I love Frank Mir the Commentator.  In my opinion, he’s the best English-speaking, regular MMA broadcaster right now.  However, he turned in an absolutely brutal performance during the Torres-Mizugaki main event.  If you had no clue how to judge a fight, you would have scored the fight 50-45 based on Mir’s explanation of the action.

Jordan Breen takes the discussion past Mir and examines what he describes as an "endemic" problem:

So, Harris is inadequate ... how does that impact Mir's performance? Unfortunately, commentary doesn't exist in a vacuum; it's about interactional chemistry. Because Harris can neither offer context, insight nor even properly call action, Mir is forced to call essentially all of the technical action himself on top of describing its intricacies. This pattern exists in basically every MMA booth because of the fact that there are really no gifted MMA play-by-play announcers. Even the comparatively hyper-experienced Mike Goldberg, who has called UFC events since before the Corn Laws were repealed, barely calls any action. Instead he relies on Joe Rogan, who is forced to fulfill both traditional commentary roles.

This is a fundamental flaw that is endemic to MMA and one that's not about to change in the near future. Therefore, guys like Mir, who are already ill-suited to color commentary because of their in-cage requirements, are forced to pick up an enormous amount of slack for a human being who is fit to do nothing but take a broadcast in and out of commercial breaks.

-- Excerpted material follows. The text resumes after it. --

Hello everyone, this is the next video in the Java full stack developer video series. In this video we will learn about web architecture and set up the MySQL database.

As a result, on top of being ill prepared, Mir has to talk endlessly until the fighters in the cage can chill out momentarily and let Harris plug "Crank 2." (Side note: How the hell is Crank now a franchise?) Of course, this is the complete inverse of how sports booths tend to functionally operate, where experienced professionals can carry the insightful but unnuanced athletes.

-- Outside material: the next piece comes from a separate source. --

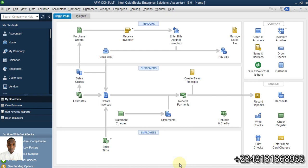Hi, welcome to my YouTube channel. This video is going to be on how to properly create a customer and a vendor in QuickBooks.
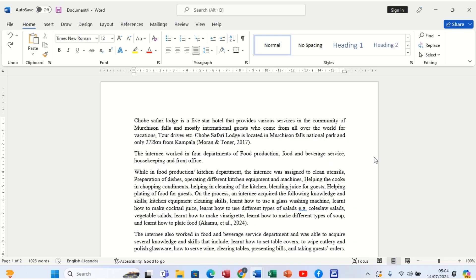We are starting straight away on how to insert footnotes and endnotes in Microsoft Word. We are going to use this document, starting with how to insert a footnote, and afterwards we shall go to endnotes.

Much like Fagan, I also believe Mir is an extremely talented commentator who has a lot to offer in terms of technical MMA knowledge and experience.  And as Breen points out, Mir has much more to worry about than preparing for and performing commentating duties.  Obviously, Mir showed partiality toward Miguel Torres, and that unfortunately damaged the WEC product.  However, it's a singular event; Mir can take note of his failings and move on to the next event.  We'll see if he does, in fact, learn from his most recent mistakes.

Though Breen does admit in the article that live commentary is inherently difficult to perform well, I still believe he's too hard on MMA broadcasters.  I've watched countless hours of all types of sports programming, from football to auto racing.  There are more less-than-stellar commentators than truly notable ones in every sport that I've encountered.  Granted, the number of sportscasters with a solid working knowledge of mixed martial arts are few in number due the sport's comparatively short life and non-mainstream status.  This should remedy itself as the sport grows, but it will take time.  I fail to see any shortcut that will significantly speed this necessary process.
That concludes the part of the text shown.